Introduction to the Fltr Project
Fltr is a powerful tool designed for natural language processing, similar to the well-known "grep" command, but specifically tailored for answering natural language questions. It leverages advanced language models such as Mistral 7B or Mixtral 8x7B to process and analyze text data efficiently.
Performance Overview
Fltr runs smoothly on various hardware configurations, demonstrating high-performance capabilities. Here’s a breakdown of its performance based on different setups:
-
Nvidia RTX 3070 with 8GB memory:
- Using Mistral 7B, it processes approximately 52 tokens per second.

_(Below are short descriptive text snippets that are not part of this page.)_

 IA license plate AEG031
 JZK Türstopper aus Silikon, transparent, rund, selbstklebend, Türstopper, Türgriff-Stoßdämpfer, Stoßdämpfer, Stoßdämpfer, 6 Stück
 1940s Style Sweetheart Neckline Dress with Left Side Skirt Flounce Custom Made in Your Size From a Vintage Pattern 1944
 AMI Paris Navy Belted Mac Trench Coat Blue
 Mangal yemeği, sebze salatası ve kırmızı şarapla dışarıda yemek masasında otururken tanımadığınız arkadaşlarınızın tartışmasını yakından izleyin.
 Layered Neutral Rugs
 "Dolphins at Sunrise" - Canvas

- With Mixtral 8x7B, it manages around 28 tokens per second.
-
Intel I5-6500 with 8GB memory:
- For Mistral 7B, it processes about 5 tokens per second.
- While using Mixtral 8x7B, it processes approximately 2 tokens per second.
These metrics highlight how the performance can vary with different hardware configurations, especially in processing speed, which is measured in tokens per second.
Installation
Fltr can be easily installed on Linux (x86_64) and macOS (x86_64 & arm64) systems. If your system has an NVIDIA driver compatible with CUDA 12.1, the tool installs the CUDA version for optimal performance; otherwise, the CPU version is installed.
The installation command for the Mistral 7B version (smaller size, approximately 7GB) is as follows:
curl https://raw.githubusercontent.com/moritztng/fltr/main/install.sh -o install.sh && bash install.sh small && export PATH=$PATH:~/Fltr
To install the larger Mixtral 8x7B version, which is about 48GB, simply replace small
with large
in the command.
Quickstart
Using fltr is straightforward. Here's a quick guide on how to get started:
To analyze a text file, such as emails.txt
, and determine if emails are spam with the Mistral 7B model, use:
fltr --file emails.txt --prompt "Is the following email spam? Email:" --batch-size 32
If you prefer to use Mixtral 8x7B for this process, simply add --large
to the command. The output will include the lines from the file where the response to the prompt is affirmative.
With these features, Fltr offers a flexible and efficient solution for processing and understanding natural language data, making it an excellent tool for users who need to sift through large volumes of text data quickly and accurately.